#### Work request
Before copying, find the line below that contains "1. **官方网站**：访问"; then return it and all later lines exactly, up to and including the final line, with no pictures.
:: Working data ::
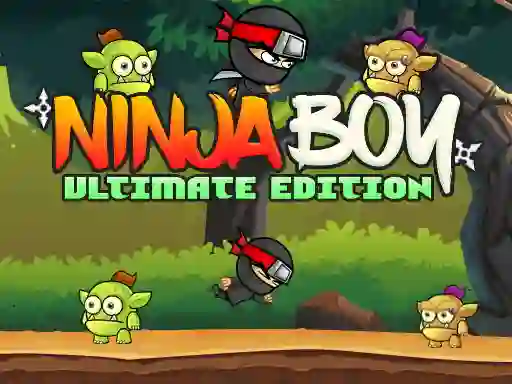 Cluiche Ninja Boy Ultimate Edition ar líne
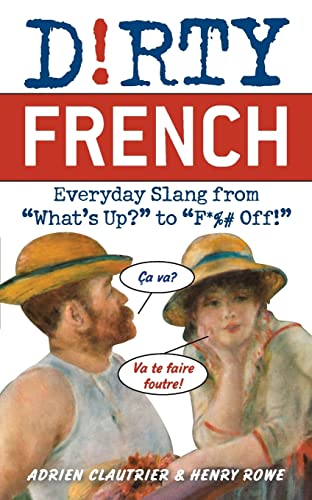 Book cover of 'Dirty French: Everyday Slang from'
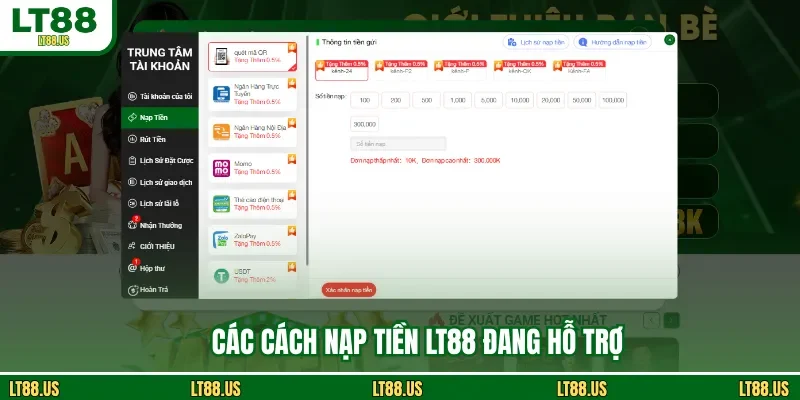 Các cách nạp tiền LT88 đang hỗ trợ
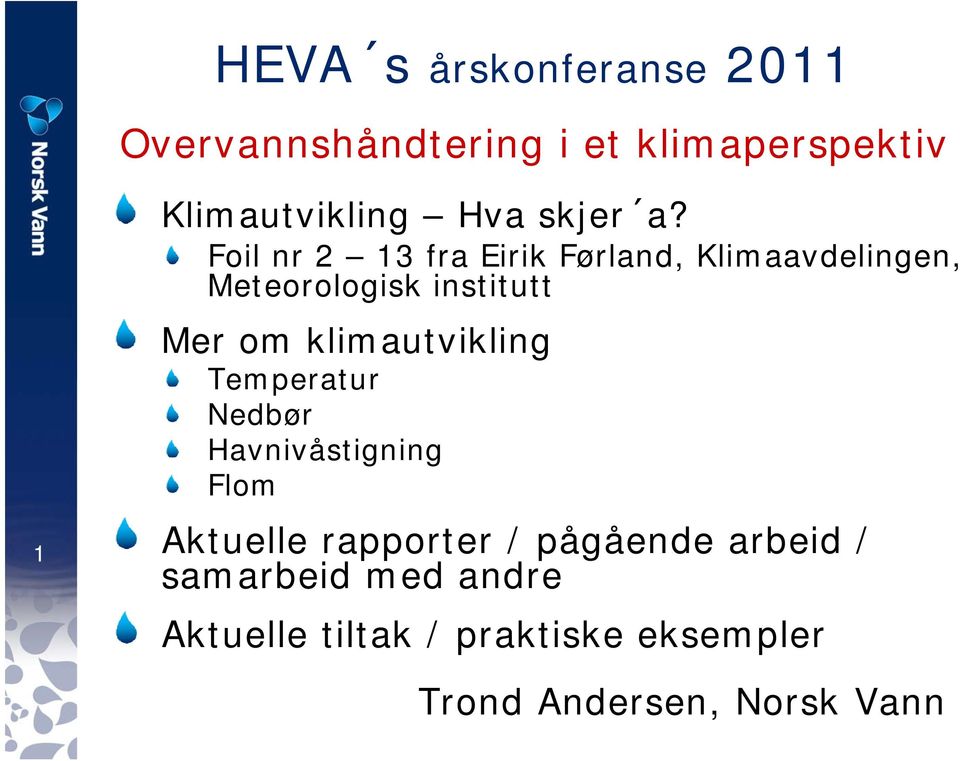 Foil nr 2 13 fra Eirik Førland, Klimaavdelingen, Meteorologisk institutt Mer om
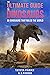 The Ultimate Guide to Dinos...
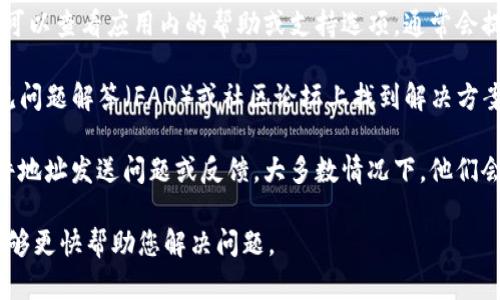 如果您需要联系tpWallet的客服，可以通过以下几种方式进行联系：

1. **官方网站**：访问tpWallet的官方网站，通常在页面底部会有“联系我们”或者“支持”链接，您可以在此找到客服联系方式。

2. **社交媒体**：tpWallet可能在社交媒体平台（如Twitter、Facebook、Telegram等）上有官方账号，您可以通过这些平台直接私信或评论联系他们。

3. **应用内支持**：如果您已下载tpWallet应用，您可以查看应用内的帮助或支持选项，通常会提供联系客服的功能，可能是邮件或直接的聊天功能。

4. **FAQ和社区论坛**：有时候，您可以在他们的常见问题解答（FAQ）或社区论坛上找到解决方案，很多用户的问题已经在这里被解答。

5. **电子邮件**：通过tpWallet提供的官方电子邮件地址发送问题或反馈，大多数情况下，他们会在特定时间内回复。

请确保在联系时提供清晰且详细的信息，以便客服能够更快帮助您解决问题。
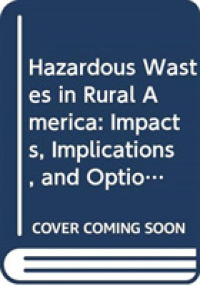 Hazardous Wastes in Rural America : Impacts, Implications, and Options for Rural Communities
:::
#### Solution to the exercise
1. **官方网站**：访问tpWallet的官方网站，通常在页面底部会有“联系我们”或者“支持”链接，您可以在此找到客服联系方式。

2. **社交媒体**：tpWallet可能在社交媒体平台（如Twitter、Facebook、Telegram等）上有官方账号，您可以通过这些平台直接私信或评论联系他们。

3. **应用内支持**：如果您已下载tpWallet应用，您可以查看应用内的帮助或支持选项，通常会提供联系客服的功能，可能是邮件或直接的聊天功能。

4. **FAQ和社区论坛**：有时候，您可以在他们的常见问题解答（FAQ）或社区论坛上找到解决方案，很多用户的问题已经在这里被解答。

5. **电子邮件**：通过tpWallet提供的官方电子邮件地址发送问题或反馈，大多数情况下，他们会在特定时间内回复。

请确保在联系时提供清晰且详细的信息，以便客服能够更快帮助您解决问题。
 Hazardous Wastes in Rural America : Impacts, Implications, and Options for Rural Communities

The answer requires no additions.